According to St. Christopher’s Hospital for Children, an overuse injury is nothing to take lightly. Overuse injuries are becoming more common because children are specializing in sports at an early age, are playing a sport year-round, and may even be playing on multiple teams.
Elevating and icing a pain for about 10-15 minutes will reduce pain and swelling, but sometimes an injury could require time off and physical therapy to ensure young athletes can play in the game today as well as in the future.
If a child comes off the field or court complaining about pain, discomfort, or swelling, it is best to be cautious. The child should rest, ice, and elevate the area of discomfort.
You, as a parent, should take note of swelling, redness, tenderness, or if the child has trouble putting weight on the area. If the pain still exists after 15 minutes under the ice or if the pain happens again next time they play, you may want to see a doctor.
Shoulders, neck, and head pain calls for a different protocol. If your child has pains in these areas or complains about memory loss, headaches, dizziness, nausea, or eyesight trouble make sure that they stop playing immediately. You should then schedule an appointment with your pediatrician for as soon as possible.
It is better to be cautious in situations like this and contact a physician to schedule an appointment if the child is complaining about pain, discomfort, or swelling.

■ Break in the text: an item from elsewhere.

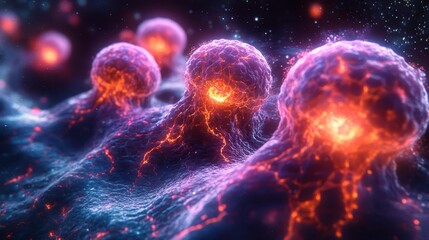 Fototapeta premium bioluminescent cancer cells neonhued microscopic view intricate cellular structures eerie glow dark background scientific yet artistic representation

Seeing your physician will help you follow the appropriate steps for treatment, which could lead to physical therapy sessions. Physical therapy sessions will help heal the injury and educate you and your child on how to prevent injuries like this from happening again.
Head, neck, and shoulder injuries should be seen by the doctor as quickly as possible.
Every injury is different and requires different treatments. When pain occurs, you should take it easy on the area so tissues and muscles will have time to repair and strengthen. Stretching routinely, hydration, and a well-balanced diet will help children stay active.
Hydration before, during, and after playing outside or a sport, is very essential. Apples, bananas, and peanut butter can help preserve energy for children who are playing outside for long periods of time or participating in a weekend sports tournament.
According to Johns Hopkins Medicine, more than 3.5 million children ages 14 and younger get hurt annually playing sports or participating in recreational activities.
Although death from a sports injury is rare, the leading cause of death from a sports-related injury is a brain injury.
Sports and recreational activities contribute to approximately 21 percent of all traumatic brain injuries among American children.
Playground, sports, and bicycle-related injuries occur most often among children between ages 5 and 14 years old.
More than 775,000 children, ages 14 and younger, are treated in hospital emergency rooms for sports-related injuries each year. Most of the injuries occurred as a result of falls, being struck by an object, collisions, and overexertion during unorganized or informal sports activities.